On 26 August, Hamilton mayoral candidate and NZ Outdoors & Freedom Party co-leader Donna Pokere-Phillips denied that she was linked to Voices for Freedom. Pokere-Phillips had previously shared anti-COVID vaccination content on social media and appeared on the anti-vaccination platform Counterspin Media. In addition, Pokere-Phillips has opposed the Government's Three Waters reform programme.

On 27 August, Stuff reported that the Nelson City Council candidate Zoe Byrne had links to Voices for Freedom. Byrne had delivered newsletters for the group and spoke at their Resilience Festival in Richmond's A&P Showgrounds on 20 August. Byrne is also affiliated with a local election ticket body called the Nelson Citizens' Alliance, which has opposed the Government's Three Waters reform programme and the establishment of a Māori ward on the Nelson City Council. In June 2022, VFF had endorsed the Nelson Citizens' Alliance in a newsletter. In response, Nelson Citizens' Alliance spokesperson Peter Rait stated that he was unaware of Byrne's affiliation with VFF.

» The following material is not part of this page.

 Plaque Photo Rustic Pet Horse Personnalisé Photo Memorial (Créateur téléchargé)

On 28 August, Stuff reported that several Groundswell NZ activists including Whangārei convenor Tracy Thomasson and James Wolfen Duvall were also members of Voices for Freedom. Thomasson ran as a candidate for the Whangārei District Council and had also shared social media posts expressing anti-vaccination sentiment, promoting the far right group Counterspin Media, and supporting the anti-vaccine protesters' occupation of Parliament. Duvall also ran for the Golden Bay ward of the Tasman District Council. In response, Groundswell's co-founder Bryan McKenzie stated that these individuals did not represent Groundswell's values and added that Groundswell had severed ties with Thomasson.

In mid-September 2022, Stuff reported that Voices for Freedom had enlisted former Green Party candidate and public relations practitioner Natalie Cutler-Welsh to coach their candidates about election campaigning, handling social media, messaging and handling journalists. In addition, co-found Deeks confirmed that she had recruited Canadian-New Zealander Cutler-Welsh to run online seminars on communications and managing online and social media behaviour.

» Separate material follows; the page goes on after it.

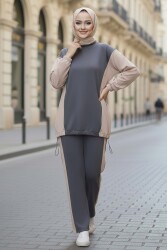 Garni Lastik Detaylı Modal İkili Takım - 1003-FUME - TOFİSA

On 21 September, Taupō District Council candidate Duncan Campbell acknowledged that he supported Voices for Freedom's positions and had attended their meetings.

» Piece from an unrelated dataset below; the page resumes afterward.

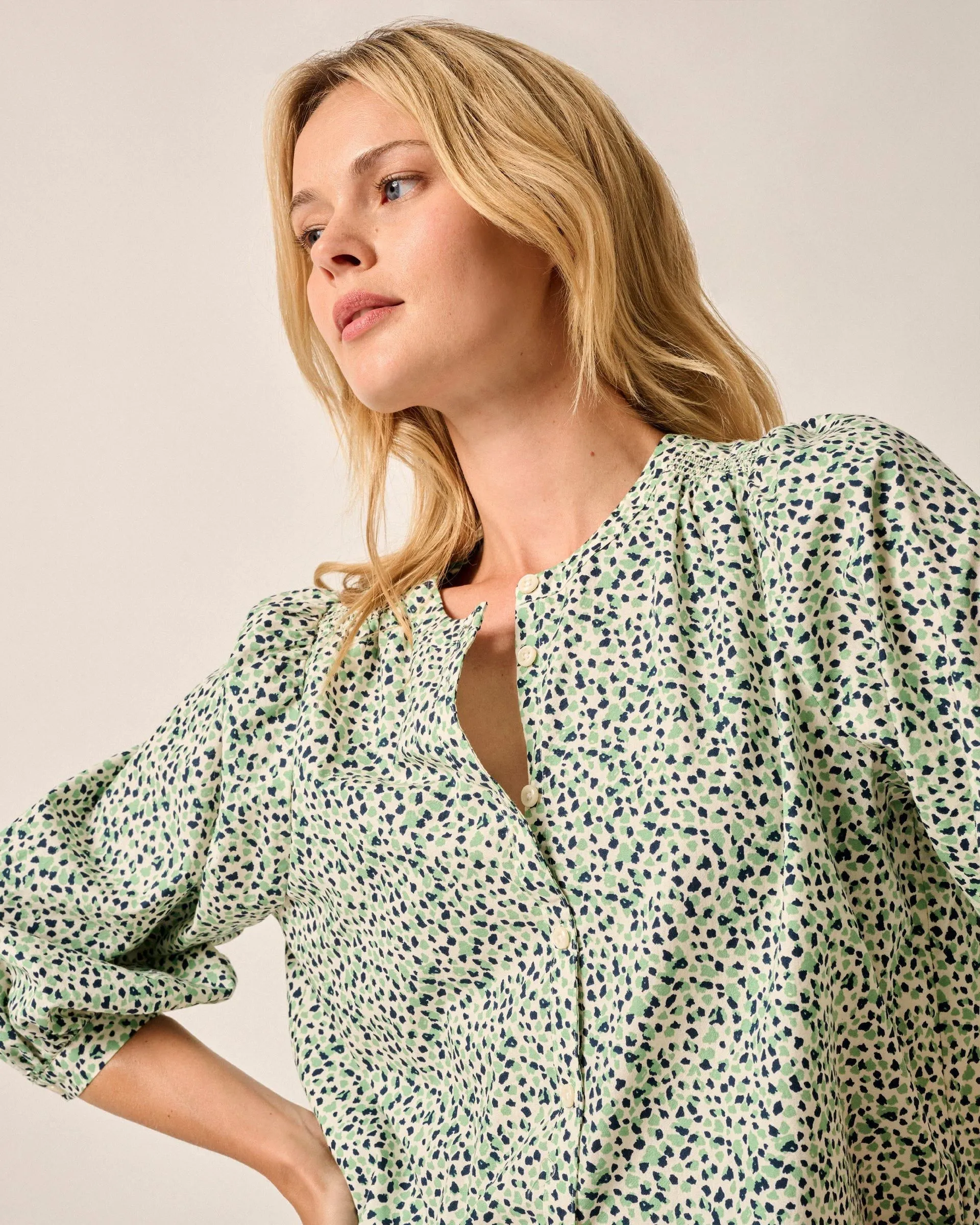 Blair Cotton Button Up Smock Blouse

In early October 2022, Voices for Freedom published a candidate survey listing candidates who shared its views on opposing lockdowns, vaccine mandates and the Three Waters reform programme. The group also launched an advertising campaign to counter the New Plymouth District Council's anti-disinformation advertising campaign.

Following the release of preliminary local election results on 8 October, Stuff reported that fewer than twelve Voices of Freedom-affiliated candidates had been elected to local government positions. The VFF had fielded over 200 candidates who were contesting 159 races. Notable successful pro-VFF candidates have included Southland District Council member Jaspreet Bosparai, Teviot Community Board member Gill Booth, Deputy Mayor of Whanganui Jenny Duncan, Paraparaumu/Raumati Community board member Jonny Best, Waikato Regional Council member Clyde Graf, Selwyn District Council member Elizabeth Mundt, Hibiscus and Bays Local Board member Leanne Willis, Oraka Aparima community board member Emma Gould, and Taupo District Council member Duncan Campbell. In addition, several incumbent councillors who had expressed support for VFF's views including Carterton District Council member Jill Greathead and Gisborne District Council member Meredith Akuhata-Brown were defeated.